Knowing how fond his sisters were of Russian
fare and Russian floor shows, Van took them Saturday night to 'Ursus,' the best
Franco-Estotian restaurant in Manhattan Major... Mixed metaphors and double-talk became all
three Veens, the children of Venus. (Ada,
2.8)
The author of Song of Myself, Walt Whitman called
himslef "of Manhattan the son." In his memoir essay
on V. V. Mayakovski (VN's "late namesake") Korney Chukovski quotes a
line from Whitman's poem in his own translation:
Я Уитмен, я космос, я сын
Манхаттана...
(Walt Whitman, a kosmos, of Manhattan the
son...)
According to Hodasevich (VN's best friend in Paris), Mayakovski was greatly indebted to
Whitman:
Если бы Хлебников, Брюсов,
Уитман, Блок, Андрей Белый, Гиппиус да еще раёшники доброго старого времени
отобрали у Маяковского то, что он взял от них, -- от Маяковского бы осталось
пустое место. (The Horse in a Décoletté Dress,
1927)
The five other poets who influenced Mayakovski were
Khlebnikov, Bryusov, Blok, Bely and Zinaida Hippius. The latter
mentions Mayakovski in Nov', an essay in The Contemporary
Notes (Paris, 1925): Первые декаденты -- Бальмонт,
Брюсов, -- никак не укладываются в "отцы" Блоку, а он, в свою очередь, не отец
Пильняку с Есениным, и уж наверно не отец Маяковскому. У этого же, если есть
потомство, то прямо комсомольские "внуки", да и те под
сомнением.
Nov' (The
Virgin Soil) is a novel by Turgenev, the author of Fathers and
Children (1861). In her essay Hippius speaks of fathers and
children in modern Russian literature. Because the word "Russia" was banned at
the time (in the Soviet Union), Hippius uses the acronym
URSS: Я уж не говорю о подспудной молодой
России в URSS (ведь слово "Россия" -- запрещено). URSS + U =
URSUS (btw., for the French title of his Animal Farm George Orwell
suggested URSA, "Union des Républiques Socialistes
Animales").
On Antiterra (Earth's twin planet on which Ada is
set), Manhattan is often shortened to Man. Hippius is the author of
Velikiy chelovek (The Great Man), an article on VDN's tragic death in
Berlin (Obshchee Delo, April 7, 1922). According to Hippius
(who in 1916 had asked VDN to tell his son that he will never, never
be a writer*), VN's father was murdered by the bolshevists:
Большевики убили Набокова.
Нет, нет, это не ошибка. Я знаю, что убийцы
называются "монархистами". Но как бы им было ни угодно себя называть,
монархистами или коммунистами, они, главным образом, убийцы. И это деление людей
-- на убийц и не убийц -- для нашего времени самое правильное и единственно
реальное.
С этой точки зрения я и утверждаю, что Набокова
убили большевики -- не монархисты, не коммунисты, не другие какие-нибудь "исты",
а, прежде всего, -- убийцы.
The pro-bolshevist Mayakovski is responsible for the famous lines
(quoted by Hodasevich in his devastating essay):
Ешь ананасы, рябчиков жуй, -
День твой последний приходит,
буржуй!
(Gobble up pineapples and munch
hazel-hens -
Your final hours are approaching, you vicious capitalist!)

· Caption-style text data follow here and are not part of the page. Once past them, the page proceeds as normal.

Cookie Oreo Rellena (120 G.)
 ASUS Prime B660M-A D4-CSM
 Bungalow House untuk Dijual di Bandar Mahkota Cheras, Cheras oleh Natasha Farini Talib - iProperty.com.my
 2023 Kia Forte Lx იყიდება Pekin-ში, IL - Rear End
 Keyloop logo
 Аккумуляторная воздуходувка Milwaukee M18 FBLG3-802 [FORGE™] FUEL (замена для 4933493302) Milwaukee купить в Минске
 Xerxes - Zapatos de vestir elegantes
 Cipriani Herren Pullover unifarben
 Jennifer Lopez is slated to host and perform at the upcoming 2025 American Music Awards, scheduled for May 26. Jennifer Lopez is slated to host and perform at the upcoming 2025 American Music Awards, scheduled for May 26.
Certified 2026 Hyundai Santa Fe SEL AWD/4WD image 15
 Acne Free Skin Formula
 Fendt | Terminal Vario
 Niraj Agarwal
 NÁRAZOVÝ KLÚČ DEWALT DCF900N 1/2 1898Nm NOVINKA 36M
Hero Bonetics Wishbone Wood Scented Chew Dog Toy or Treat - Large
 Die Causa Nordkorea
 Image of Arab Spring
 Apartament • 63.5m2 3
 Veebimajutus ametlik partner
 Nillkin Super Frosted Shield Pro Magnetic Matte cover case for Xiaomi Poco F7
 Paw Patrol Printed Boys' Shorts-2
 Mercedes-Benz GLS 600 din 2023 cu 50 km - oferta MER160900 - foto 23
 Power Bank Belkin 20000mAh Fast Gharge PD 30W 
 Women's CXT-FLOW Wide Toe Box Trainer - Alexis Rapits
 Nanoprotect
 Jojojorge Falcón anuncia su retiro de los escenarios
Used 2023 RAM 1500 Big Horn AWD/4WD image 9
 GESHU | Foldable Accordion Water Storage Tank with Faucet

In Ya sam (About Myself) Mayakovski
proudly says that he composed them in Brodyachaya Sobaka (the
Stray Dog cabaret), after it had moved to dom Adamini at the corner of
the Moyka Canal and Marsovo Pole in St. Petersburg.
In Pro eto (About this, 1923) Mayakovski
associates himself with a polar bear drifting on a block of ice.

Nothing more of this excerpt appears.